In the entries that follow, find the line containing "Caravan Yacht Photos"; from there, copy every line exactly through the line containing "COOLWUFAN held in".

----------------------------------------

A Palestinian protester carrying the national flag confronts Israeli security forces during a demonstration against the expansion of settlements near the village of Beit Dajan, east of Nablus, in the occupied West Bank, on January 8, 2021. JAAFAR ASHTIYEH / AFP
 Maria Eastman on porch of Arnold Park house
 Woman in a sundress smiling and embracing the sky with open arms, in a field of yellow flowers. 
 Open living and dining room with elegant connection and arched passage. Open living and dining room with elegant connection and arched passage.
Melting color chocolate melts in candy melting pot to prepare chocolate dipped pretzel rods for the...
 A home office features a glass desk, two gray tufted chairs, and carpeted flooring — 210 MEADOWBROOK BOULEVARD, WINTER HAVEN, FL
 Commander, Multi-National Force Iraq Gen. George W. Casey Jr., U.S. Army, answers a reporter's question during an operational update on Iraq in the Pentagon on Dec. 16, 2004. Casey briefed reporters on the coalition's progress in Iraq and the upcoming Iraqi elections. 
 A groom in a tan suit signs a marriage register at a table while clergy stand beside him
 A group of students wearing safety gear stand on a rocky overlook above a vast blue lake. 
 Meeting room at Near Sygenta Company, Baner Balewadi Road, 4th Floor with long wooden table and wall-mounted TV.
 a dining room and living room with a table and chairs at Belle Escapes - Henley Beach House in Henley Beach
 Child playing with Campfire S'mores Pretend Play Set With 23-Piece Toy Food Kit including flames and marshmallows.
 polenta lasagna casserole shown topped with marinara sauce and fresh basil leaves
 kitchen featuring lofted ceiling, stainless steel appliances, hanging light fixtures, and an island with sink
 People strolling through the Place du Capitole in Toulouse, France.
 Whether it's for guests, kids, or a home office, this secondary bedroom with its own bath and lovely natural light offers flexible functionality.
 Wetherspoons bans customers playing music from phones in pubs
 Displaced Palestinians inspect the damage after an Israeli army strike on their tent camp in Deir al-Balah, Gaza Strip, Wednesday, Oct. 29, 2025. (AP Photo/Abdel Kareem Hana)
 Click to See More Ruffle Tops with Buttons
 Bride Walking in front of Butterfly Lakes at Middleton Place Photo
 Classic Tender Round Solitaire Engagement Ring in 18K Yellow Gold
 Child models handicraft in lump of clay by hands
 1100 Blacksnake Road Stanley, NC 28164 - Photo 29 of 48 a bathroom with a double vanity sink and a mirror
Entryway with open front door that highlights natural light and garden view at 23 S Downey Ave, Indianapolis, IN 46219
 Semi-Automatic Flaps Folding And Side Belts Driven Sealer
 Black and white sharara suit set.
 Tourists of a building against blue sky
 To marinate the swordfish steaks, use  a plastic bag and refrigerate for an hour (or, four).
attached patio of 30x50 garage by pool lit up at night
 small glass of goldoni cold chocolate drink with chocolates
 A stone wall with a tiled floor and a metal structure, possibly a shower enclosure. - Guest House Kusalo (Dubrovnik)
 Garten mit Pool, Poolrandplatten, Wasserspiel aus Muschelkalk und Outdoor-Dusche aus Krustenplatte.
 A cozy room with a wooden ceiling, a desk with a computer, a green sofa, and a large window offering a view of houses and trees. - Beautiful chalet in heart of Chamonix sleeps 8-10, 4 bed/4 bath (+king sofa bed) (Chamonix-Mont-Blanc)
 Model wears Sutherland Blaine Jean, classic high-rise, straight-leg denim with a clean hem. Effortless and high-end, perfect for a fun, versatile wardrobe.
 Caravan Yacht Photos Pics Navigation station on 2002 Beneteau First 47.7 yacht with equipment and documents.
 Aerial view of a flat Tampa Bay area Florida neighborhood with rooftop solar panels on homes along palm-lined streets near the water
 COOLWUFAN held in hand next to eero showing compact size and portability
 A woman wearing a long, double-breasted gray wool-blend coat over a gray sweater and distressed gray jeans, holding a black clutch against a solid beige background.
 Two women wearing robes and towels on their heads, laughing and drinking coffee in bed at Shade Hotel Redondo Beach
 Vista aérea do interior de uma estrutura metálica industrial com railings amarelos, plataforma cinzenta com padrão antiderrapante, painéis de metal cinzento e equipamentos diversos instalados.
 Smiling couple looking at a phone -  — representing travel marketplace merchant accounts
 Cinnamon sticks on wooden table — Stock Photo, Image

----------------------------------------

#### [Expected answer]
 Caravan Yacht Photos Pics Navigation station on 2002 Beneteau First 47.7 yacht with equipment and documents.
 Aerial view of a flat Tampa Bay area Florida neighborhood with rooftop solar panels on homes along palm-lined streets near the water
 COOLWUFAN held in hand next to eero showing compact size and portability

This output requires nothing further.